Aviva has responded to the Financial Services Authority’s Consultation Paper on the Retail Distribution Review (RDR). Following extensive research among consumers and advisers, it supports efforts to improve the quality and transparency of financial advice but adds that these changes must ensure wider consumer access to financial services.
Of the FSA’s proposals, Aviva supports:
- Adviser charging for full and focussed advice. Aviva believes separating the costs of advice and costs of a product will have long-term benefits for customers, advisers and providers.

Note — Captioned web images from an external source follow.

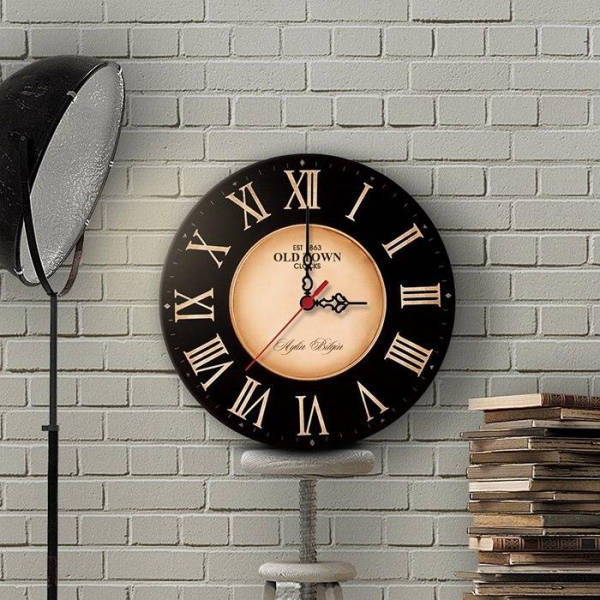 Musta ja kultainen retro seinäkello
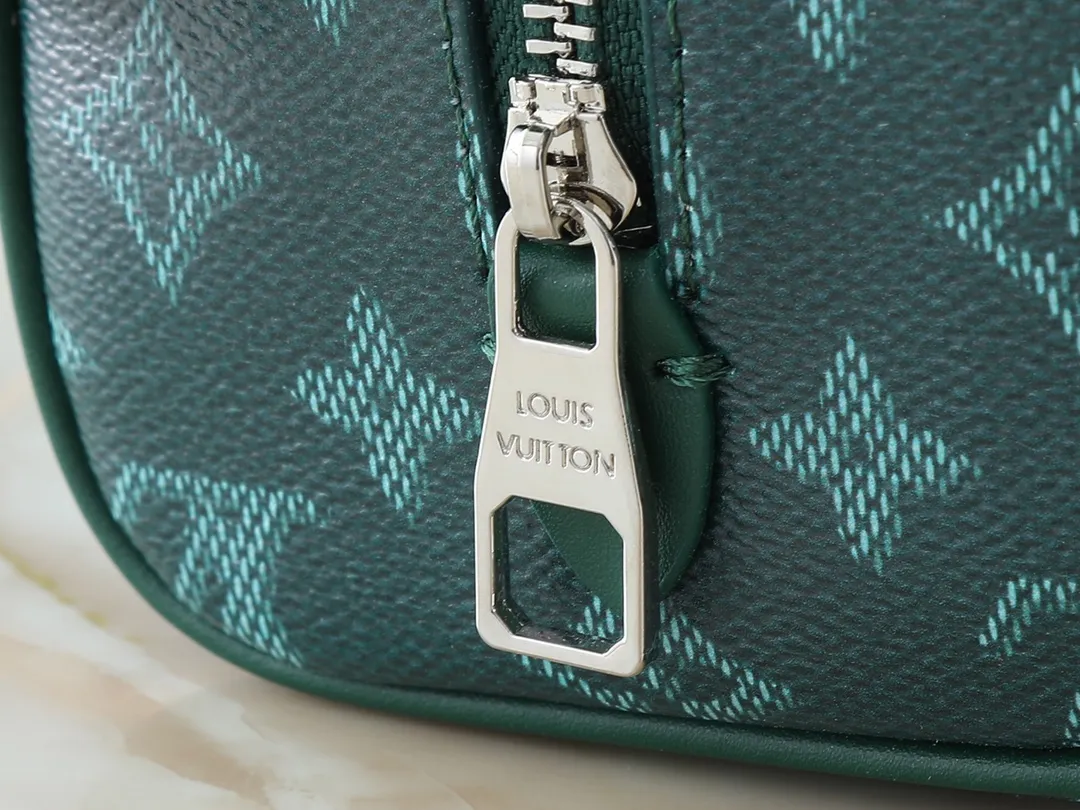 💰200💰Upgraded from the original M00151 M12688 M11559 M83112 M83113 N40747 N40567 M47069 M24799. This Locker Dopp Kit toiletry bag is made of Monogram canvas, integrating contemporary trends and elegant style. The compact design contains ample space to easily store daily necessities. The washable lining and adjustable side handles make it a convenient on-the-go experience. Dimensions: 23.0 x 13.0 x 12.0 cm (length x height x width)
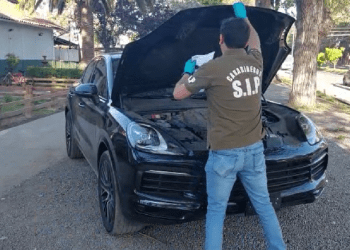 Carabineros recuperó en Buin vehículo Porsche robado a Johnny Herrera en Viña del Mar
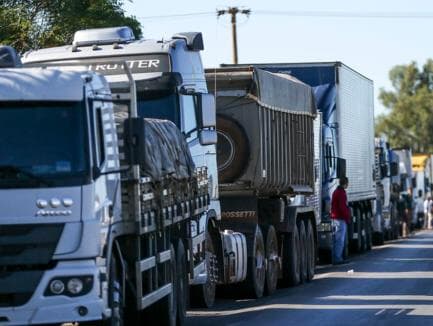 Líderes dos caminhoneiros na greve de 2018 convocam assembleia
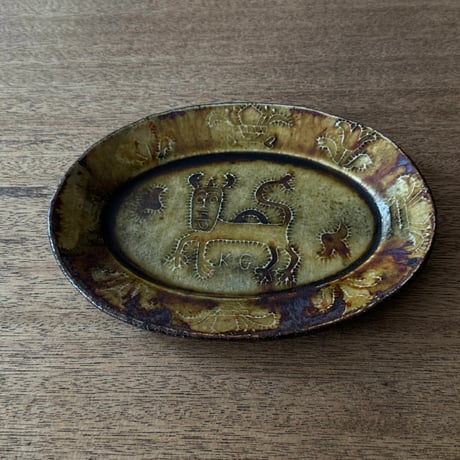 紀窯　中川紀夫　オーバル皿 獅子押紋 K13B (約17×12cm)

- Higher qualifications for advisers and the introduction of QCF Level 4 as the minimum standard for providing financial advice
- The 2012 implementation timetable – as long as its impact with the introduction of Personal Accounts and capital adequacy are analysed.
But Aviva is challenging proposals to:
- Ban provider factoring on regular premium products*. This would damage the savings market as customers would be unwilling or unable to pay for disproportionately large advice charges. Provider factoring should be maintained but subject to standard discount rates.

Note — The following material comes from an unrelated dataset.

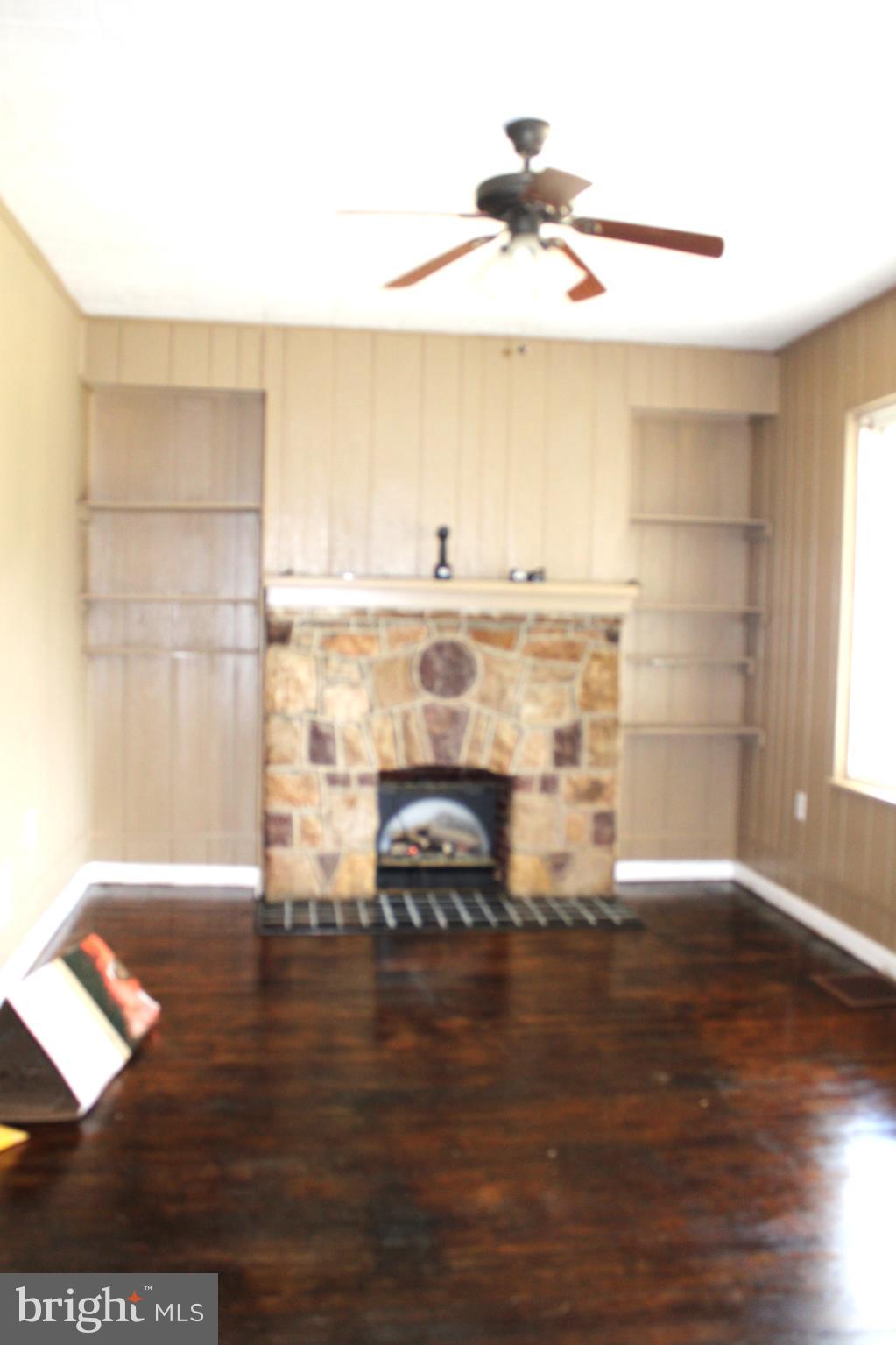 NORTH END - Residential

- Retain basic advice and develop streamlined advice. New ways are needed to enable consumers to engage with the industry as these proposals will be uneconomic for firms to operate.
- Require providers to monitor “extreme” adviser charges. This contradicts the aim of adviser charging, breaking the relationship between provider and advisers regarding payment. Providers are not best placed to police this and it instead should be monitored by the FSA.

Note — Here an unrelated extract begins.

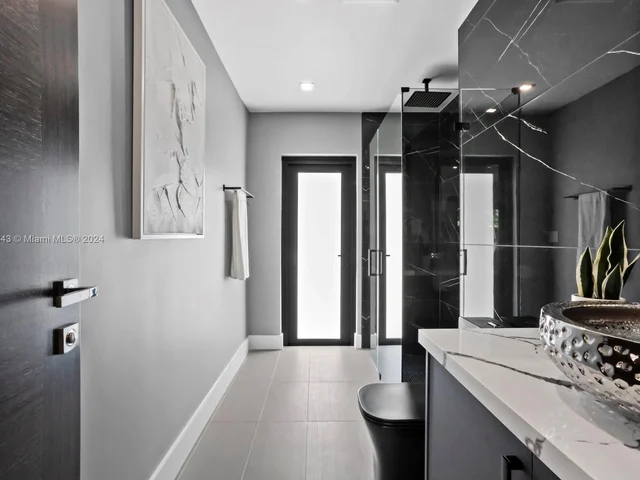 3330 NE 27th Ter, Lighthouse Point FL 33064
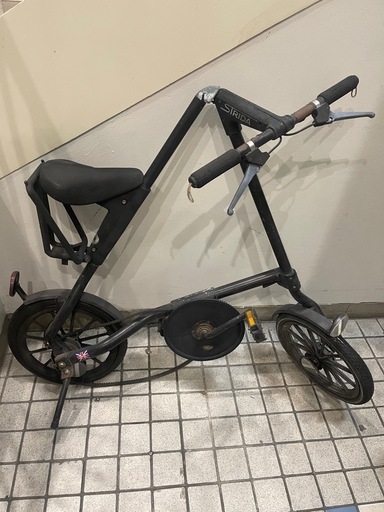 【引き取り限定】STRIDA 5.0 ブラック 16インチ 折りたたみ自転車 STRIDA 折り畳み自転車 引き取り限定】STRIDA 5.0 ブラック 16インチ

David Barral, marketing director at Aviva, said: “The RDR is an excellent opportunity to transform financial advice and deliver a more sustainable and customer-focussed market. Aviva has consulted a large number of advisers and consumers and supports the aims of the RDR to create a market that delivers better quality advice and greater transparency of charges for customers. We understand that the RDR will mean big changes in the way advisers work and Aviva is doing all it can to help them. For example, the Aviva Financial Adviser Academy is playing a leading role in helping advisers attain the higher qualifications they will need.
“Improving the quality of advice will raise the cost of providing that advice. Aviva research indicates it is likely that large numbers of advisers will leave the industry while those who remain are likely to adopt business models to service fewer and wealthier clients. These changes could make it more difficult for middle Britain to get financial advice, so Aviva has launched the Future Adviser programme to find the next generation of financial advisers.
“Aviva recognises that access to good financial advice is crucial to the financial wellbeing of millions of people. Consumer access to financial products and services is the biggest and most pressing issue facing our industry and it is crucial that the FSA delivers on its objective of ensuring that advice is easily accessible.”
* Factoring is often referred to as indemnity commission. It is a system where an adviser receives payment upfront rather than being paid over several years.